Since it got its start in March this year, the Christina Gateway Community Development Association (CGCDA) has been propelling the community forward.

Although the association has only been incorporated for a few months, they have accomplished much, thanks to their broad voice that represents every sector of the community.

“Gateway (CGDCA) is what has bought all the non-profits together at Christina Lake,” said Grace McGregor, Regional District of Kootenay Boundary (RDKB) Area C Director.

This is a critical time in community economic development. Even though Christina Lake gets up to 8,000 people in the summer months, they don’t have a high enough population to sustain a growing community year round.

CGCDA coordinator Sandy Mark says the main problem is a succession and business retention issue that all of the Boundary area as well as the whole of society where a huge shift in people retiring in the near future is being expected.

McGregor is the driving force behind the CGCDA, which aims to support existing local business and create more year-long jobs that will attract younger families to the lake in order to keep the community alive.

However, McGregor credits the tireless effort of CGDCA coordinator, Sandy Mark and the team made up of members of the community and non-profits as the lack of big industry at the lake makes it difficult to support community and pay for taxation.

“We know without increasing the business in the community, without attracting young people with families, this community is in jeopardy as a lot of rural communities are. It is critical we take action for our community economic development at this time,” said Mark.

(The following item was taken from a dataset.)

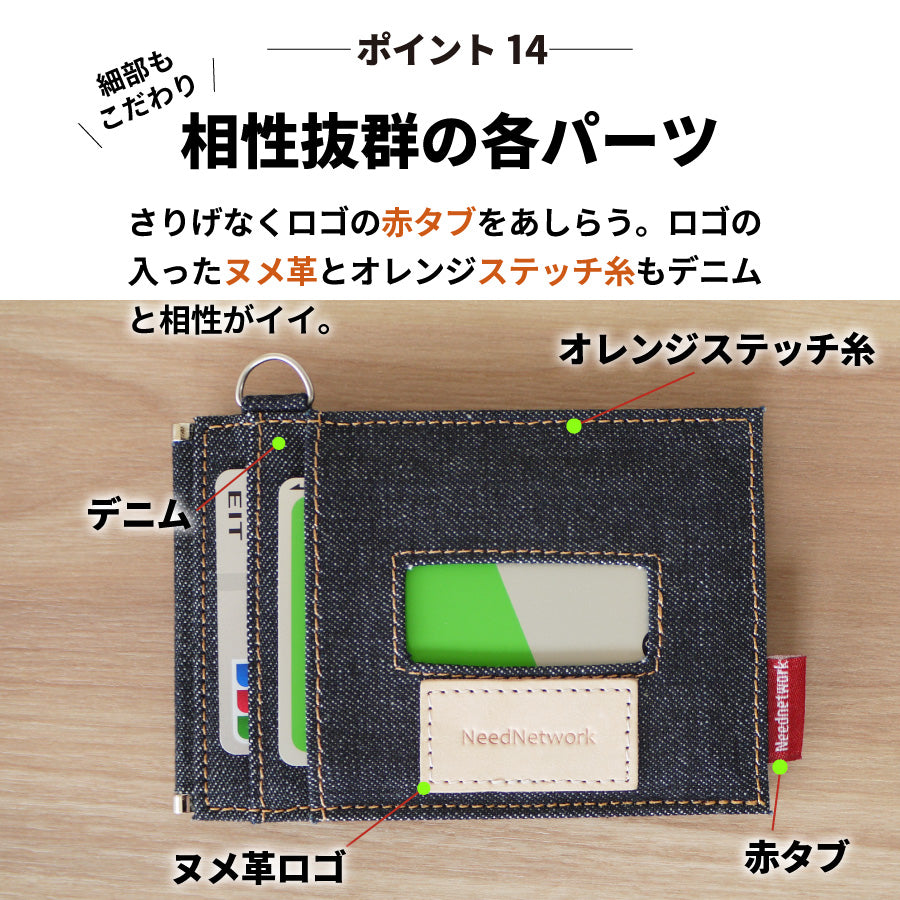 定期入れ 日本が誇るデニム パスケース 二つ折り ICカード 2枚 4面 極薄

Strategies like improved online marketing capacity, assisting retail businesses, creating incentive for local and international investors, upgrading the current internet bandwidth scope and working with existing community organizations to create education are at different stages of operation and planning.

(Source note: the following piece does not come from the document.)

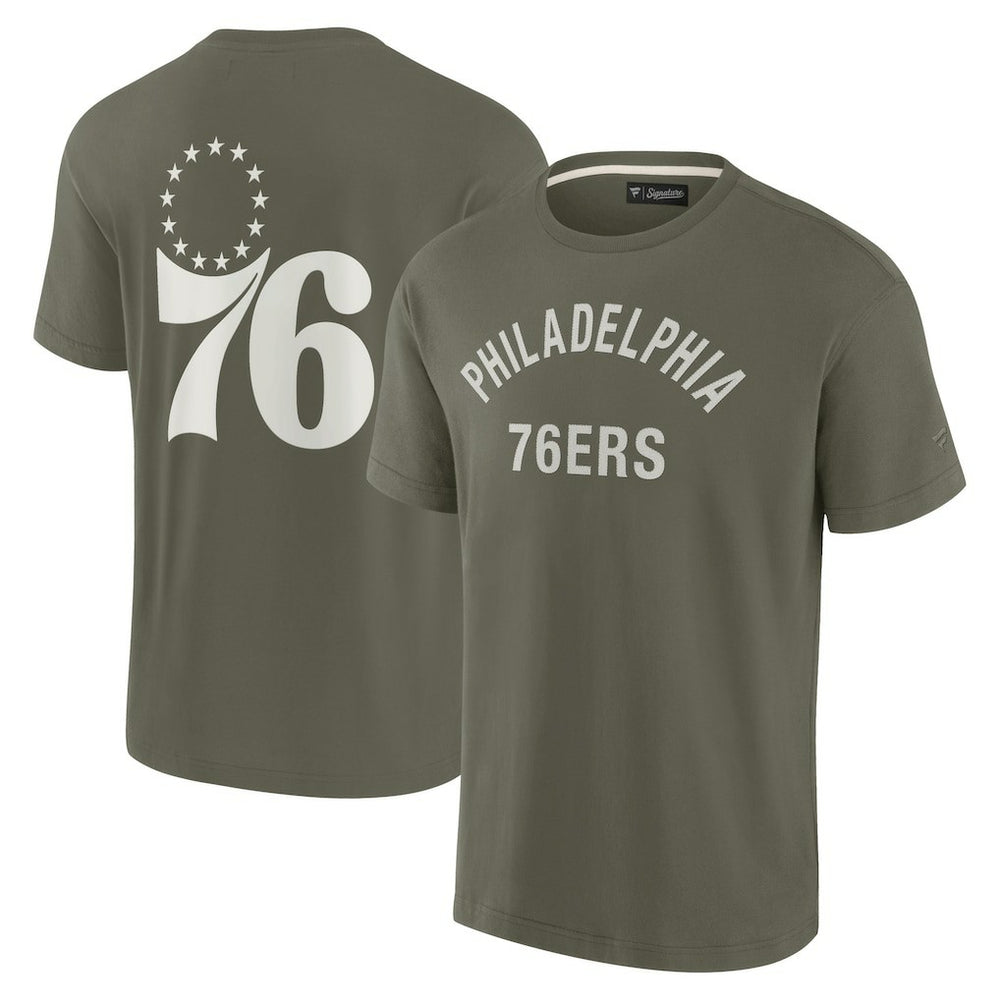Olive Philadelphia 76ers Unisex Elements Super Soft Short Sleeve T-Shirt | NBA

CGCDA found very few local businesses were very active online so they have implemented an outreach program for the 100 or so existing businesses. This assesses their digital capacity and assists them to improve their skills and connect with popular social media tools like Trip Advisor, Facebook and Twitter.

They also help to provide support for business owners who wish to sell, helping them to prepare and implement necessary steps in order to create an attractive business opportunity for prospective buyers.

Venture Capital

Another initiative is the Christina Lake Community Venture Capital Association (CLCVCA) which is the first of its kind to be registered in BC although it is already in effect in rural communities throughout Canada. 

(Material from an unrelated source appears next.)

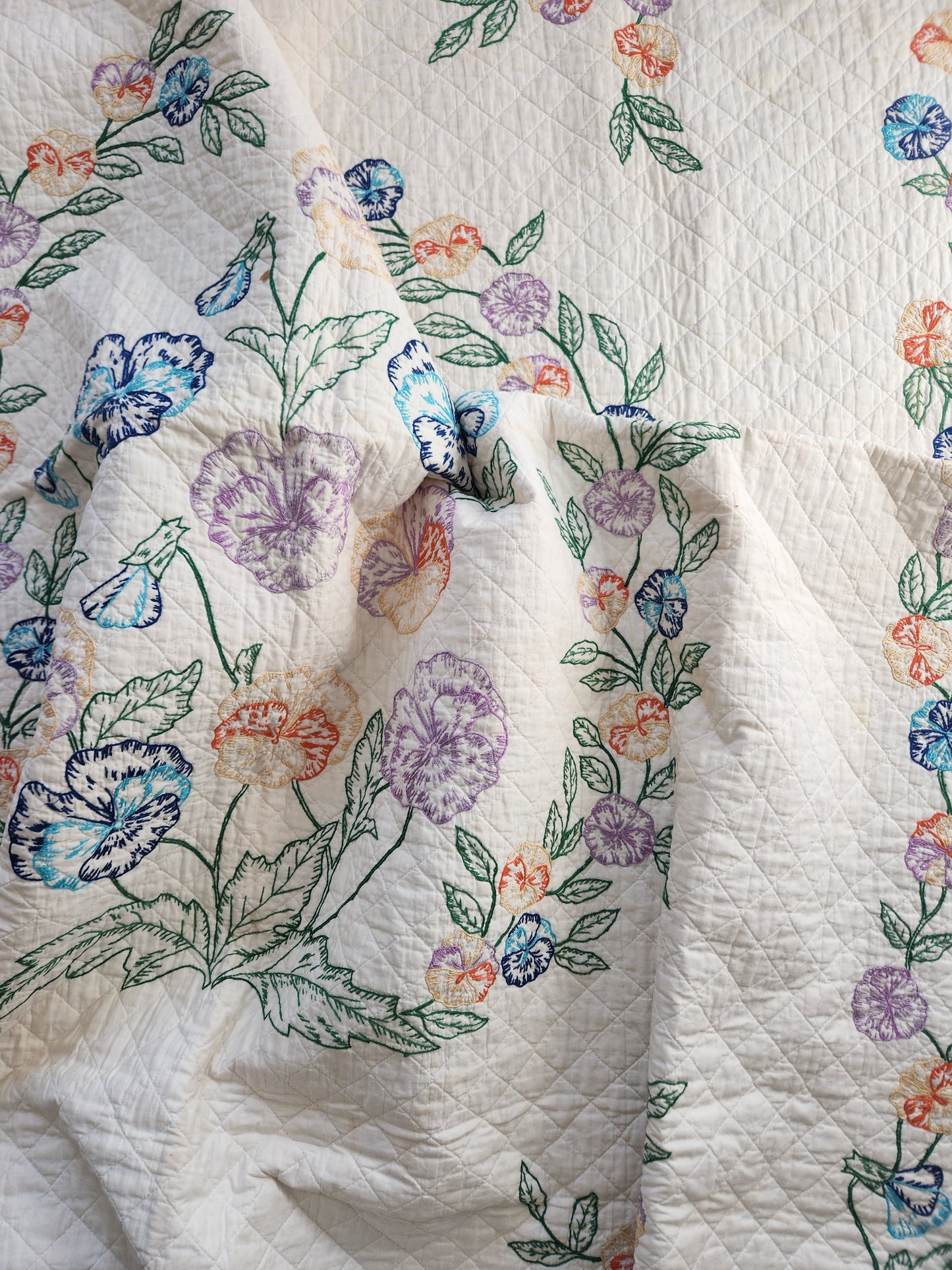 Vintage Pansy Embroidered Quilt c1940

The new association would allow people in Christina Lake to invest some of their investment money back into the community in the near future.

Working alongside existing organizations is part of CGCDA’s plan and will partner with the Boundary Women’s Centre and run workshops for women who want to start their own business early next year.

They are also currently in works with several partners including Columbia Basin Trust Broadband Corporation to introduce fibre optics into the area to increase the current bandwidth to allow better internet usage.

Community support is already coming through with most businesses saying they would like more reliable bandwidth.

The aim of the upgrade is to help attract more e-businesses that could bring potential year-round businesses to the lake. It also hopes to attract more nomadic businesses where individuals choose the community they would like to live in and can work anywhere.

“We want to be one of those ‘anywheres,’” said Mark. “A really good ‘anywhere,’ where we can offer a beautiful location, wonderful community, great amenities and bandwidth.”